[Items from a dataset]
+ + +
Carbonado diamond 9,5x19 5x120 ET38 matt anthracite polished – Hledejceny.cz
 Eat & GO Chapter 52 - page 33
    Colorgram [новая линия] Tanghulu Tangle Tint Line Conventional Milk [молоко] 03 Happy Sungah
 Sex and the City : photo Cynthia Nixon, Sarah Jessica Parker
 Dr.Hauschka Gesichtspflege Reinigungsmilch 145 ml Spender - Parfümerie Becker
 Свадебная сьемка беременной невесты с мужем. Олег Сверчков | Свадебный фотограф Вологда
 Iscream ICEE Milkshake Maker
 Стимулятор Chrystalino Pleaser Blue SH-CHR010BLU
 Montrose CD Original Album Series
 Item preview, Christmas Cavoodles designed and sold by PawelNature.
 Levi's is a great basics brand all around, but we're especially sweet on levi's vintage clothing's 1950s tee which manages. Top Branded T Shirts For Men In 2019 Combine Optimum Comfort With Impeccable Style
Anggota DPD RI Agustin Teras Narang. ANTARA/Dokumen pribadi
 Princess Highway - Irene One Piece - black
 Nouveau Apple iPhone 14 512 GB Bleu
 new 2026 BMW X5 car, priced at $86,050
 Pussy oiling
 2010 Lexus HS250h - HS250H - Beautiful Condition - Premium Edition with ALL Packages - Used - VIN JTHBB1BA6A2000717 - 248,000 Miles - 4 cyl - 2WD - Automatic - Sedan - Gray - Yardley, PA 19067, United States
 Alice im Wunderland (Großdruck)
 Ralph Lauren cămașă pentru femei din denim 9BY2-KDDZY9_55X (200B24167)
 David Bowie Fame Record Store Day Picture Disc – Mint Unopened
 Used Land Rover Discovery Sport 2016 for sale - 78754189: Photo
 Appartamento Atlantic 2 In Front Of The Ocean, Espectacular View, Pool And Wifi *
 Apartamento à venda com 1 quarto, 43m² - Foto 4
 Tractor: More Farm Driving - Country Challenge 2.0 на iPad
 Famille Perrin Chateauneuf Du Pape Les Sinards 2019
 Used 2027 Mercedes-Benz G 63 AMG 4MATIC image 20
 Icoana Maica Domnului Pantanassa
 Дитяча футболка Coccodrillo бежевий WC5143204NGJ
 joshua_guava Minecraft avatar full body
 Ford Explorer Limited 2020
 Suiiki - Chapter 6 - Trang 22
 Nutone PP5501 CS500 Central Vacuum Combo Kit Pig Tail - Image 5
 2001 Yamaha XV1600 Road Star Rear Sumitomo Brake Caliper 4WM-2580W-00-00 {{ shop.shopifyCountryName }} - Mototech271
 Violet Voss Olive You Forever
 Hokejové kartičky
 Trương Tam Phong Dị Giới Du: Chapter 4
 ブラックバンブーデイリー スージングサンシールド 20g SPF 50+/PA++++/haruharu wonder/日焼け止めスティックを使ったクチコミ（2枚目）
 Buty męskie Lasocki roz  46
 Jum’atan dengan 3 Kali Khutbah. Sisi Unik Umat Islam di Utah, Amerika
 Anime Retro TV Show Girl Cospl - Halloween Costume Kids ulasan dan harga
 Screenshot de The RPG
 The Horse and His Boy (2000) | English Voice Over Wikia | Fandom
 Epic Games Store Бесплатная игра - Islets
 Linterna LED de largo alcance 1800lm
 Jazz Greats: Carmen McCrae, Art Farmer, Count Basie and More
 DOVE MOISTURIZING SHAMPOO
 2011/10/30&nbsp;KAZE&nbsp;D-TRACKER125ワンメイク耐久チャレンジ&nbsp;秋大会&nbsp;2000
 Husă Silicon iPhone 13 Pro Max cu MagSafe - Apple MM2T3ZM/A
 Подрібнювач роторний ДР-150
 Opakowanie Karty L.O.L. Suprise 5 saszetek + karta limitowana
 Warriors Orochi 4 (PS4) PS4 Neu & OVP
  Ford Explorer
+ + +
> YOUR OBJECTIVE
Working from the data above, extract solely the lines from the one containing "Свадебная сьемка беременной" through the one containing "Дитяча футболка Coccodrillo", exactly as they appear, both included.

> RESULT OF THIS EXERCISE
 Свадебная сьемка беременной невесты с мужем. Олег Сверчков | Свадебный фотограф Вологда
 Iscream ICEE Milkshake Maker
 Стимулятор Chrystalino Pleaser Blue SH-CHR010BLU
 Montrose CD Original Album Series
 Item preview, Christmas Cavoodles designed and sold by PawelNature.
 Levi's is a great basics brand all around, but we're especially sweet on levi's vintage clothing's 1950s tee which manages. Top Branded T Shirts For Men In 2019 Combine Optimum Comfort With Impeccable Style
Anggota DPD RI Agustin Teras Narang. ANTARA/Dokumen pribadi
 Princess Highway - Irene One Piece - black
 Nouveau Apple iPhone 14 512 GB Bleu
 new 2026 BMW X5 car, priced at $86,050
 Pussy oiling
 2010 Lexus HS250h - HS250H - Beautiful Condition - Premium Edition with ALL Packages - Used - VIN JTHBB1BA6A2000717 - 248,000 Miles - 4 cyl - 2WD - Automatic - Sedan - Gray - Yardley, PA 19067, United States
 Alice im Wunderland (Großdruck)
 Ralph Lauren cămașă pentru femei din denim 9BY2-KDDZY9_55X (200B24167)
 David Bowie Fame Record Store Day Picture Disc – Mint Unopened
 Used Land Rover Discovery Sport 2016 for sale - 78754189: Photo
 Appartamento Atlantic 2 In Front Of The Ocean, Espectacular View, Pool And Wifi *
 Apartamento à venda com 1 quarto, 43m² - Foto 4
 Tractor: More Farm Driving - Country Challenge 2.0 на iPad
 Famille Perrin Chateauneuf Du Pape Les Sinards 2019
 Used 2027 Mercedes-Benz G 63 AMG 4MATIC image 20
 Icoana Maica Domnului Pantanassa
 Дитяча футболка Coccodrillo бежевий WC5143204NGJ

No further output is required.